#### YOUR ASSIGNMENT:
There is one span to output from the data below: the lines starting at the line with "Typical T2 Apt, Chiado, Bairro Alto" and ending at the line with "Maison - 93 m² - 4 pièces". Output it exactly, ends included, nothing more.

#### MATERIAL FOR THIS EXERCISE:
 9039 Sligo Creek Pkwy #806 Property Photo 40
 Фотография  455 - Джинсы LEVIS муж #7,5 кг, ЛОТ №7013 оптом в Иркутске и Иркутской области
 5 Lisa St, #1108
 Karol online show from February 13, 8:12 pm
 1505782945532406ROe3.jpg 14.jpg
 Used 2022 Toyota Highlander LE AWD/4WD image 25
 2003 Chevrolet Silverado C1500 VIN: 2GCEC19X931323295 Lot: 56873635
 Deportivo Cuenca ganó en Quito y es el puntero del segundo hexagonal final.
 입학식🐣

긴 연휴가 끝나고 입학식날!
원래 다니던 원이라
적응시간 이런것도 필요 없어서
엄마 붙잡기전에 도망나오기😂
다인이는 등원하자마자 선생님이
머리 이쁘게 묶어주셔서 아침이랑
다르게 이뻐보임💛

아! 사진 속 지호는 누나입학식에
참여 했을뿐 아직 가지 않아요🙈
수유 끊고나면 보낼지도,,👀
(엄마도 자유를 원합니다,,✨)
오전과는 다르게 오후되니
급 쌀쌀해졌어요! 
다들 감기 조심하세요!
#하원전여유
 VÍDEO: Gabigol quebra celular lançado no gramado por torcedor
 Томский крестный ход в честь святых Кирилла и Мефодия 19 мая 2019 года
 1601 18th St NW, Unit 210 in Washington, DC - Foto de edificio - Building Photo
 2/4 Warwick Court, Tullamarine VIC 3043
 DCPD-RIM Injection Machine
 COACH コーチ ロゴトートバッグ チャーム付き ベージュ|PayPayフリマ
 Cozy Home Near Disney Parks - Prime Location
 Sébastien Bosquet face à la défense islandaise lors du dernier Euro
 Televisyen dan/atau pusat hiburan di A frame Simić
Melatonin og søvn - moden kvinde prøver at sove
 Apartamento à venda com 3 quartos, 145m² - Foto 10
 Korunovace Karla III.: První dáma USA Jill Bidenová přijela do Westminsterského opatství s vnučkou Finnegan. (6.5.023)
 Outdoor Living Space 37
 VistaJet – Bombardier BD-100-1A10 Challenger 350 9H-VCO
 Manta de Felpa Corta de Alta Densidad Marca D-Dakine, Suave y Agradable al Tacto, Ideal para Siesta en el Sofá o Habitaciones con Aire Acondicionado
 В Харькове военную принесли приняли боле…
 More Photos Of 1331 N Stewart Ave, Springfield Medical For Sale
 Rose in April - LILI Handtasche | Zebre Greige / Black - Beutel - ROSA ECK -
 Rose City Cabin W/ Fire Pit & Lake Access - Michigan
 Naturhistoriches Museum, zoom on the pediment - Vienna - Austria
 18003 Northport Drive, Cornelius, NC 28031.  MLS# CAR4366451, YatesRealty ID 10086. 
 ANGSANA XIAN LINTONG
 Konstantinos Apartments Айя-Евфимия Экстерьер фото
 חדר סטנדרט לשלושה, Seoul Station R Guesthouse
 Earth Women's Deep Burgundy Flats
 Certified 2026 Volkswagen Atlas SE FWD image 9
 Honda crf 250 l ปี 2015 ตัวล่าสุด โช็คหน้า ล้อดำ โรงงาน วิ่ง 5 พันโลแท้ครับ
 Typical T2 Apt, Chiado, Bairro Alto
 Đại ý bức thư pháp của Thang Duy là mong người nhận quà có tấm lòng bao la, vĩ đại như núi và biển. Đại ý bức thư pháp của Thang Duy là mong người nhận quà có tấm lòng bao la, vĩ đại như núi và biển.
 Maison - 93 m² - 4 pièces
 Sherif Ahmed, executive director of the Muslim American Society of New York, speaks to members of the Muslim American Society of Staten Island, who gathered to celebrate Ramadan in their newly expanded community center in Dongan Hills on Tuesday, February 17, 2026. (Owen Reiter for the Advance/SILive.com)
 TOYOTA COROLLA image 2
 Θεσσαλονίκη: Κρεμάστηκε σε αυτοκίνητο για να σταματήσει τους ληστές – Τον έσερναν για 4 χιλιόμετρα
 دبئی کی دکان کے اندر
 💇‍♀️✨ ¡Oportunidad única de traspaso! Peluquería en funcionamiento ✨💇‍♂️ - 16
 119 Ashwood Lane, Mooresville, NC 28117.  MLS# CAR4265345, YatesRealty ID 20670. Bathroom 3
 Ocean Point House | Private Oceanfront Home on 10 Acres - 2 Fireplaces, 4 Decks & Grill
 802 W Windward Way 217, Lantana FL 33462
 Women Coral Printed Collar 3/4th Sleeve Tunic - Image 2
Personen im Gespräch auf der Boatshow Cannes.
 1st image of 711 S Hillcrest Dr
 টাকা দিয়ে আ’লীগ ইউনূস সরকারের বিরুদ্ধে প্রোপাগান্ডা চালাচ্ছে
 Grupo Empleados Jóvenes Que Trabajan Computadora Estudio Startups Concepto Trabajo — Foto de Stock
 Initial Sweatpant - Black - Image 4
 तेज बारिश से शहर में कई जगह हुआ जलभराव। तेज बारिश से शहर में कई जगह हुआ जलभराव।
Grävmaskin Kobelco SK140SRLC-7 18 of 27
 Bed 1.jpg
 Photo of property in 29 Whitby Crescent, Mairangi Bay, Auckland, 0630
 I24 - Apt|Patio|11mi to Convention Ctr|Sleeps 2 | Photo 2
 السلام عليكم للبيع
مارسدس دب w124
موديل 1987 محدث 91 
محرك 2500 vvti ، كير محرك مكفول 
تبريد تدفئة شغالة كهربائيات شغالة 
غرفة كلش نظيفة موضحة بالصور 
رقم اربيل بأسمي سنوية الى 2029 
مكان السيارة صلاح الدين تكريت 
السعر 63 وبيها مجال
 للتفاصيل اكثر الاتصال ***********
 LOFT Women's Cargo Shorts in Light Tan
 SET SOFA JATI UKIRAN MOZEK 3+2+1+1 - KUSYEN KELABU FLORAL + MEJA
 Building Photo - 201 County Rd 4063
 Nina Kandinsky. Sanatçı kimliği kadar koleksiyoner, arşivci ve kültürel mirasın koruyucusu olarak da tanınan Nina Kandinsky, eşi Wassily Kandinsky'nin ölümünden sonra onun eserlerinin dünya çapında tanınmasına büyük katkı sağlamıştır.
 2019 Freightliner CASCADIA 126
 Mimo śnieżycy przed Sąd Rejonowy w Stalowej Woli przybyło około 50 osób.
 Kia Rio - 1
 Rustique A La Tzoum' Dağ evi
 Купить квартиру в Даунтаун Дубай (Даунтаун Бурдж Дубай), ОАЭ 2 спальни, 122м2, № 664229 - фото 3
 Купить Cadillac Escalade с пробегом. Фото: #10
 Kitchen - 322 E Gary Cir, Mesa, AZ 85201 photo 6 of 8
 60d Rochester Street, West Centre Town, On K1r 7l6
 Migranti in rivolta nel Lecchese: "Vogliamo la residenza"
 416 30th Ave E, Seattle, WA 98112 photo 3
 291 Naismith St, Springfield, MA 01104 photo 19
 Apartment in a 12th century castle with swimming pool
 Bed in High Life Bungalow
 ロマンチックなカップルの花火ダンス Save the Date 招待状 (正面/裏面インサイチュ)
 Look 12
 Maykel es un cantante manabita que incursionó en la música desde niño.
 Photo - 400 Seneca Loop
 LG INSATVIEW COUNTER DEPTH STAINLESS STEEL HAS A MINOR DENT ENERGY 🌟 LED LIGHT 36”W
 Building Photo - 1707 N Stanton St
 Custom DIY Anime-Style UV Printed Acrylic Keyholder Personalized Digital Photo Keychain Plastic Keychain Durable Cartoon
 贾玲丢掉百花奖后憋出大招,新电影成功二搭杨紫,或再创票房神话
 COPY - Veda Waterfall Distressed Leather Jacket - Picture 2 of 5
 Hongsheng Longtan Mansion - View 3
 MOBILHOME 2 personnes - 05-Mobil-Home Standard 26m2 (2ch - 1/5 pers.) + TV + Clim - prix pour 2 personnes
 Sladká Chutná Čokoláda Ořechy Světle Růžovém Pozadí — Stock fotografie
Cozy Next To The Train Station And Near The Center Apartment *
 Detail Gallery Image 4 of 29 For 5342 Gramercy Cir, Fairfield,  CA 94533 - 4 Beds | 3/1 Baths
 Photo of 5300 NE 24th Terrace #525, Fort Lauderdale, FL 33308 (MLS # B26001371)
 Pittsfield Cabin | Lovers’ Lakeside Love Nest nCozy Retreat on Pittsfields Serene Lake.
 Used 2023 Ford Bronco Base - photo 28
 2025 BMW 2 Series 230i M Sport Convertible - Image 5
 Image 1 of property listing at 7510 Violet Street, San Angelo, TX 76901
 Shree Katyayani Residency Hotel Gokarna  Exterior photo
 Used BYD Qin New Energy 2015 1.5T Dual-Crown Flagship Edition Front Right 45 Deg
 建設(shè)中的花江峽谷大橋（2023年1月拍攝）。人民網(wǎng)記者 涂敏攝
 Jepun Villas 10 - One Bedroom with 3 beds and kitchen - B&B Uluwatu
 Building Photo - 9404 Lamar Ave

#### WRITTEN SOLUTION:
 Typical T2 Apt, Chiado, Bairro Alto
 Đại ý bức thư pháp của Thang Duy là mong người nhận quà có tấm lòng bao la, vĩ đại như núi và biển. Đại ý bức thư pháp của Thang Duy là mong người nhận quà có tấm lòng bao la, vĩ đại như núi và biển.
 Maison - 93 m² - 4 pièces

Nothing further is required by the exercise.